Mauvais accords pour les salariés signés par les syndicats
La qualité d’un accord syndicats-patronat ou syndicats-gouvernement se juge au résultat : est-il bon pour les salariés ou bon pour le patronat ?
Trois accords viennent d’être signés en une semaine par les syndicats. Deux avec le patronat, un avec le gouvernement. Qu’en est-il ?
Accord sur les retraites complémentaires.
Une signature est venue s’ajouter à celles de la CFDT et de FO, celle de la CFTC. L’accord est donc validé. La CGT et la CGC ne l’ont pas signé. Il est bon pour le patronat et Mme Parisot se réjouit « il s’inscrit dans la droite ligne de la réforme des retraites. Le recul des deux bornes d’âge, à 62 et 67 ans est aujourd’hui entériné par le dialogue social ».
Accord sur l’indemnisation du chômage.
Tous les syndicats l’ont signé. Que contient l’accord ?
Il confirme celui conclu il y a deux ans : la diminution des allocations chômages sont prolongées jusqu’ en 2013.
Le patronat a fait inscrire dans l’accord le principe de la baisse de ses cotisations jusqu’en 2016.
Les syndicats ont signé un accord en faveur du patronat qui voit sa principale revendication satisfaite, et un recul pour les privés d’emploi.

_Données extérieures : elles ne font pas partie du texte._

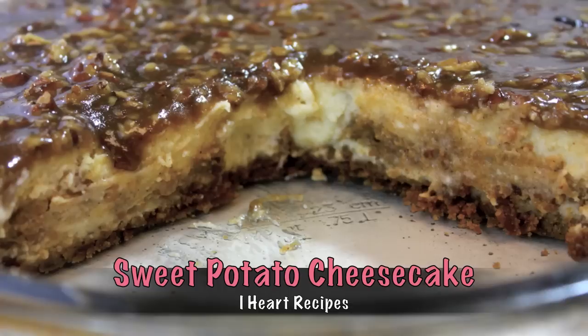Hey there, it's Rosie and we are making a sweet potato cheesecake. You know that sounds delicious.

Actuellement, un demandeur d’emploi sur deux n’est pas indemnisé et dans les prochains mois il y aura plus de 1,5 millions de chômeurs en fin de droit. De plus en plus de chômeurs en sont réduits à vivre des minima sociaux.
Fonction publique : accord syndicats-gouvernement sur la précarité.
Tous les syndicats de la Fonction publique à l’exception de la FSU et Solidaires l’ont signé.
De quoi s’agit-il : dans les prochains mois, 100.000 salariés en CDD (Contrat à durée déterminée) passeront en CDI (Contrat à durée in déterminée. Ce sont des salariés qui sont en CDD depuis des années.
La précarité massive est maintenue : il y a aujourd’hui 872.000 contractuels dans la fonction publique (Etat – hôpitaux – collectivités). Pas question de les titulariser.
Ajoutons que pour les salaires des contractuels, la règle devient : l’évolution et la rémunération au mérite.
Signer un tel accord dans le dos des salariés apporte de l’eau au moulin du gouvernement qui est en train de faire disparaître le statut de la fonction publique.
Syndicalisme de classe, de lutte ou syndicalisme partenaire du capitalisme ?
Pour faire passer sa politique antisociale auprès des salariés le capitalisme a besoin de syndicats partenaires intégrés à ses objectifs. Il y réussi quand il obtient que les syndicats CFDT, FO, la CGT, signent de tels accord qui consacrent des reculs pour les salariés et satisfont les exigences patronales et gouvernementales. C’est mauvais pour les salariés, il ne faut pas accepter cela. Les salariés ont besoin d’un syndicat de lutte de classe pour se défendre et faire reculer le capital. Ils ont besoin d’une CGT qui revienne sur des positions de classe, qui ne compose pas avec le patronat, qui défende des avancées pour les salariés et les aident à développer leur lutte contre le capital.